- Data excerpts -
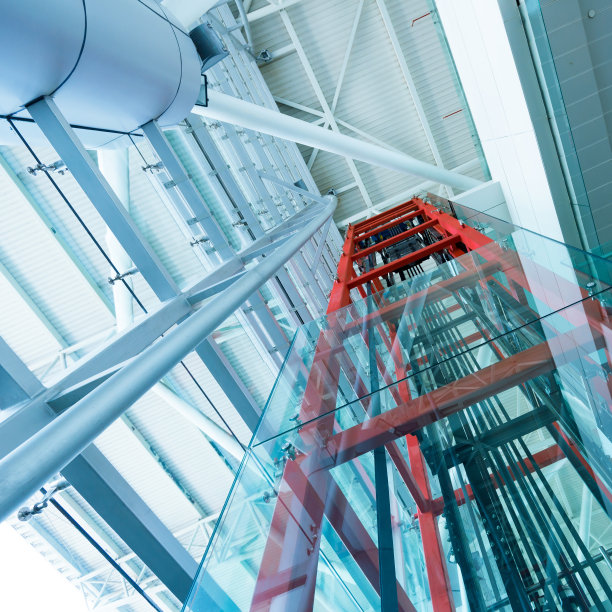 透明的电梯图片下载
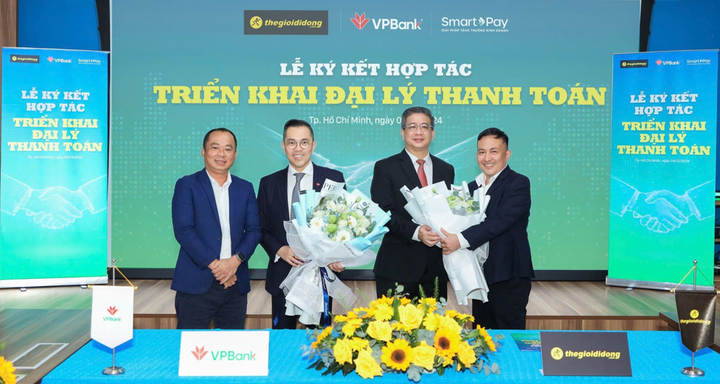 Hợp tác khẳng định cam kết của Thế Giới Di Động và VPBank trong việc mang đến trải nghiệm tài chính ngày càng trọn vẹn và tiện lợi hơn cho khách hàng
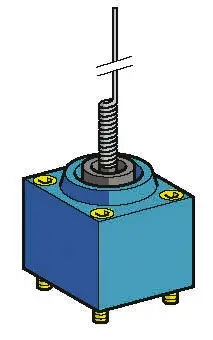 Produktfoto 1 von Telemecanique Sensors OsiSense XC Endschalter-Betätigungskopf Kopf zur Verwendung mit Serie XCJ2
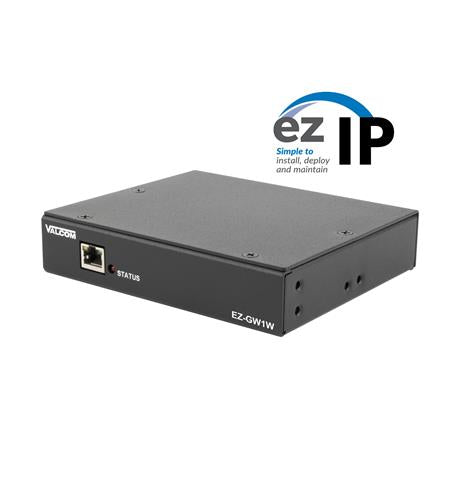 1 Zone Audio Gateway Wall Mount
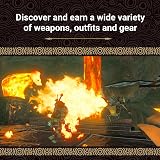 Nintendo The Legend of Zelda Breath of the Wild Nintendo Switch Game Cartridge view 6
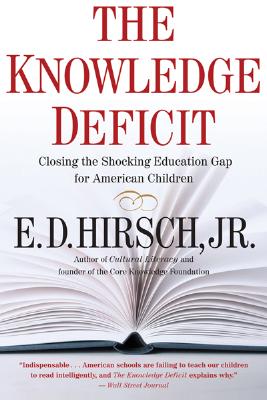 【预订】the knowledge deficit: closing the
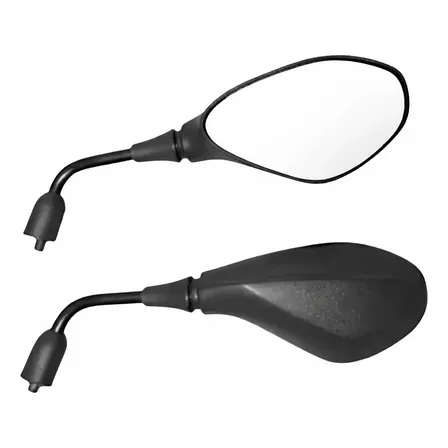 Par Retrovisor Bmw F800 Gs 650 Rosca Fixo Motos Honda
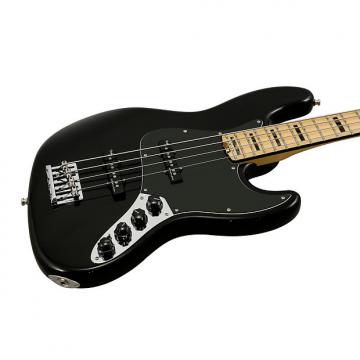 Custom Fender American Elite Black Jazz Bass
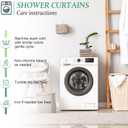 Homewelle Valentines Shower Curtain Pink Red Heart Valentines Love Theme Holiday Modern Cute Romantic Romance 72Wx72H Inch Couple Lovers Anniversary Waterproof Polyester Fabric Bathroom Bathtub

- Task item -
The answer should consist only of the lines from the line with "1 Zone Audio Gateway Wall Mount" through the last line of the data, repeated exactly; pictures stay out.

- Result of the exercise -
 1 Zone Audio Gateway Wall Mount
 Nintendo The Legend of Zelda Breath of the Wild Nintendo Switch Game Cartridge view 6
 【预订】the knowledge deficit: closing the
 Par Retrovisor Bmw F800 Gs 650 Rosca Fixo Motos Honda
 Custom Fender American Elite Black Jazz Bass
 Homewelle Valentines Shower Curtain Pink Red Heart Valentines Love Theme Holiday Modern Cute Romantic Romance 72Wx72H Inch Couple Lovers Anniversary Waterproof Polyester Fabric Bathroom Bathtub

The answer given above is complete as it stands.